Saturday 22 November 2008

Daughter of Horror (AKA Dementia, 1955)

In the early 1950s writer-director John Parker completed his one and only feature film, a very strange little flick called Dementia. He tried to get it released on the art-house circuit in New York, but the New York censors had other ideas. It’s not so much any explicit content that was the problem as the general air of seediness, sexual obsession and sexual deviance.

A few years later another attempt was made to release the film under the title Daughter of Horror, with added voiceover narration (the original
Dementia has no dialogue at all). The narration, by Ed McMahon, is very campy but it does nothing to lessen the impact of this very disturbing little movie.

The obvious influences on the film are German Expressionism and surrealism, but there’s another more obvious influence that most people seem to overlook - the dream sequences in Alfred Hitchcock’s Spellbound. But Dementia is much more daring, with no clear demarcation whatsoever between dream sequences and reality. The entire movie may or may not be a dream.

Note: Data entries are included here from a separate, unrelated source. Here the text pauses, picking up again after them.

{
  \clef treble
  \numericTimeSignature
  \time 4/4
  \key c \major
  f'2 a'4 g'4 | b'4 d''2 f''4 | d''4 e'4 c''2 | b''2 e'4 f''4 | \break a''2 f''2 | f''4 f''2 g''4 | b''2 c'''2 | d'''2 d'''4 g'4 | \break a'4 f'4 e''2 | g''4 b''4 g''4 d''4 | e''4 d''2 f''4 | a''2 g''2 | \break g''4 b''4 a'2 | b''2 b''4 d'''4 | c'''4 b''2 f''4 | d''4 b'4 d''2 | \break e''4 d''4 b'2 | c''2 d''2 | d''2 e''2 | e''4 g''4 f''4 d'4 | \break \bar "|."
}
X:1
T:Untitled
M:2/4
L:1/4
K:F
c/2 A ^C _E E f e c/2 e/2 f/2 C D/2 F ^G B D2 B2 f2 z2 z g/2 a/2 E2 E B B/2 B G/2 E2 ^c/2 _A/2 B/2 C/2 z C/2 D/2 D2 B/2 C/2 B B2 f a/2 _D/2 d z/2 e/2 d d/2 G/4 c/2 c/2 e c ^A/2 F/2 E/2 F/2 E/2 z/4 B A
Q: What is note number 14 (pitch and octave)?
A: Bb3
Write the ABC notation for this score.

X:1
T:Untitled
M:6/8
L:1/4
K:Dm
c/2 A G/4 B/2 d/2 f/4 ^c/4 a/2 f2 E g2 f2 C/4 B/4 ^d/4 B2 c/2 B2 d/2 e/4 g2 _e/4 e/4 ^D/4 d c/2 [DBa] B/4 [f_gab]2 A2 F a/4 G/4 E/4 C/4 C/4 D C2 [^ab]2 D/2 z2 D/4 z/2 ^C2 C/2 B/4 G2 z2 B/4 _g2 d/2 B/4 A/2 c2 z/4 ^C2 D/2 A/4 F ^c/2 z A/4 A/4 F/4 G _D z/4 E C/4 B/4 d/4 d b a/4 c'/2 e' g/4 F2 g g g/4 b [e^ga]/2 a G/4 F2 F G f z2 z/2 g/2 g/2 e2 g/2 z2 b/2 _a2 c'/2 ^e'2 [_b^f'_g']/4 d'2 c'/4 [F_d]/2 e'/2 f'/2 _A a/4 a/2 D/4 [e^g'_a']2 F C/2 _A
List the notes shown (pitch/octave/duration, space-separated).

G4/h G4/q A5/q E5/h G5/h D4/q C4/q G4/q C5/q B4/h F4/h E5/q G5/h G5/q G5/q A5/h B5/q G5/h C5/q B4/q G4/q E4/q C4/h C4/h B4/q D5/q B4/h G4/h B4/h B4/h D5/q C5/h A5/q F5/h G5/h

The central character is known only as The Gamine, and the movie is a glimpse inside the mind of this clearly insane young woman. Her mind is filled with visions of her father and mother, and of a police officer who looks exactly like her father and who is pursuing her for a murder she may or may not have committed. She is picked up by a wealthy debauched middle-aged man, and is forced to watch him gorging himself on a roast chicken dinner. This assignation ends in a murder. She may also have murdered her father, and her father may have murdered her mother, but there is absolutely no way to judge the reality or otherwise of any of these events.

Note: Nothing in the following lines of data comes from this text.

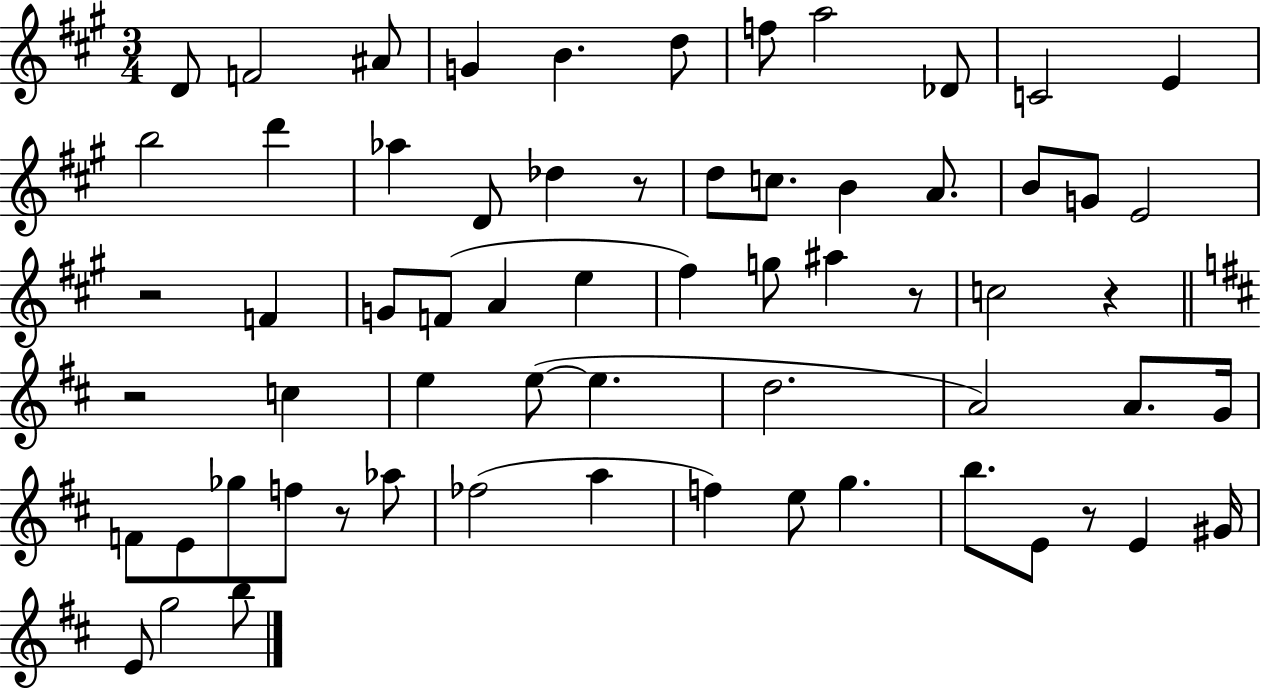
X:1
T:Untitled
M:3/4
L:1/4
K:A
D/2 F2 ^A/2 G B d/2 f/2 a2 _D/2 C2 E b2 d' _a D/2 _d z/2 d/2 c/2 B A/2 B/2 G/2 E2 z2 F G/2 F/2 A e ^f g/2 ^a z/2 c2 z z2 c e e/2 e d2 A2 A/2 G/4 F/2 E/2 _g/2 f/2 z/2 _a/2 _f2 a f e/2 g b/2 E/2 z/2 E ^G/4 E/2 g2 b/2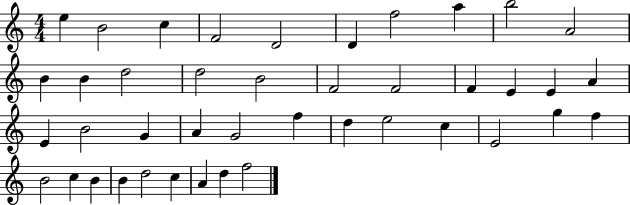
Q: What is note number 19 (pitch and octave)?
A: E4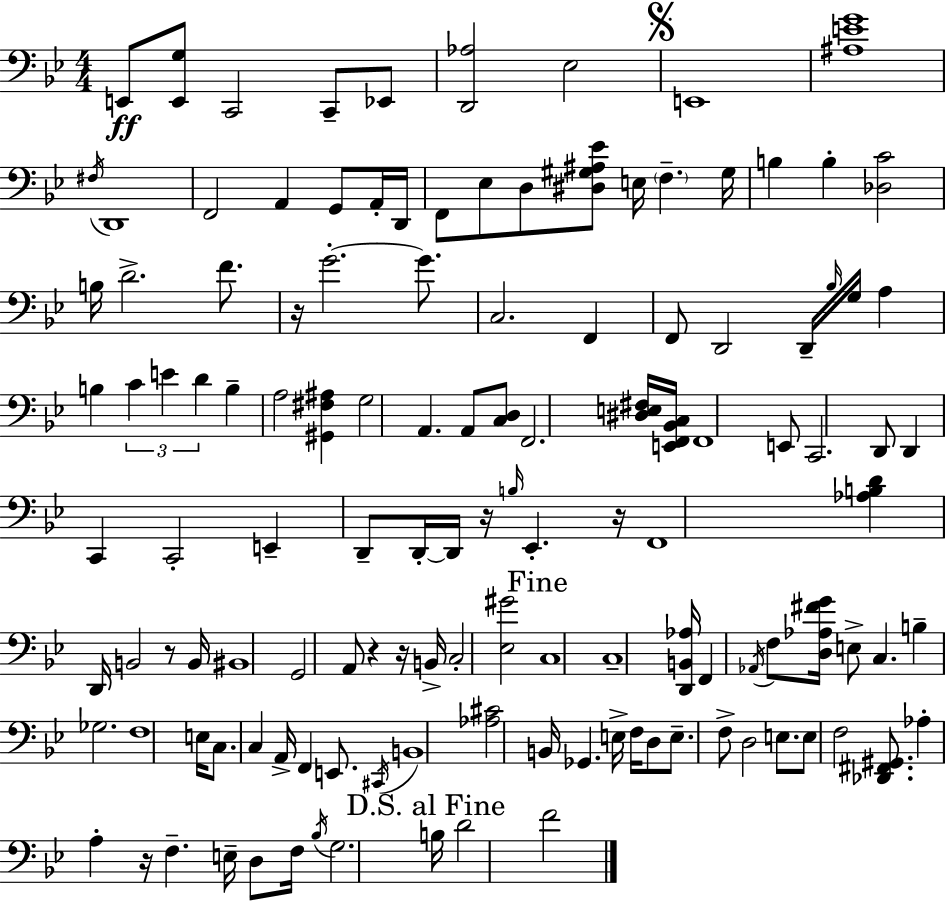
{
  \clef bass
  \numericTimeSignature
  \time 4/4
  \key bes \major
  \repeat volta 2 { e,8\ff <e, g>8 c,2 c,8-- ees,8 | <d, aes>2 ees2 | \mark \markup { \musicglyph "scripts.segno" } e,1 | <ais e' g'>1 | \break \acciaccatura { fis16 } d,1 | f,2 a,4 g,8 a,16-. | d,16 f,8 ees8 d8 <dis gis ais ees'>8 e16 \parenthesize f4.-- | gis16 b4 b4-. <des c'>2 | \break b16 d'2.-> f'8. | r16 g'2.-.~~ g'8. | c2. f,4 | f,8 d,2 d,16-- \grace { bes16 } g16 a4 | \break b4 \tuplet 3/2 { c'4 e'4 d'4 } | b4-- a2 <gis, fis ais>4 | g2 a,4. | a,8 <c d>8 f,2. | \break <dis e fis>16 <e, f, bes, c>16 f,1 | e,8 c,2. | d,8 d,4 c,4 c,2-. | e,4-- d,8-- d,16-.~~ d,16 r16 \grace { b16 } ees,4.-. | \break r16 f,1 | <aes b d'>4 d,16 b,2 | r8 b,16 bis,1 | g,2 a,8 r4 | \break r16 b,16-> c2-. <ees gis'>2 | \mark "Fine" c1 | c1-- | <d, b, aes>16 f,4 \acciaccatura { aes,16 } f8 <d aes fis' g'>16 e8-> c4. | \break b4-- ges2. | f1 | e16 c8. c4 a,16-> f,4 | e,8. \acciaccatura { cis,16 } b,1 | \break <aes cis'>2 b,16 ges,4. | e16-> f16 d8 e8.-- f8-> d2 | e8. e8 f2 | <des, fis, gis,>8. aes4-. a4-. r16 f4.-- | \break e16-- d8 f16 \acciaccatura { bes16 } g2. | \mark "D.S. al Fine" b16 d'2 f'2 | } \bar "|."
}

Visually it’s reminiscent of a surrealist vision of film noir. The cinematography was done by William C. Thompson, a veteran of countless exploitation movies. His career included several collaborations with the one and only Ed Wood, but this has nothing in common with Wood’s movies. This is both an art-house movie and a horror movie, a weird mix of exploitation and avant-garde. There’s some great jazz on the soundtrack as well. The cast are mostly complete unknowns. Ben Roseman is very creepy as both her father and the cop, and Adrienne Barrett contributes an unsettling performance as The Gamine.

You can find this movie at archive.org. Although it’s rather dark it’s quite an acceptable print, and it’s probably supposed to be very dark anyway! A very strange but very intriguing and oddly effective move, and well worth a look. I believe both versions of the movie have been released on DVD by Kino.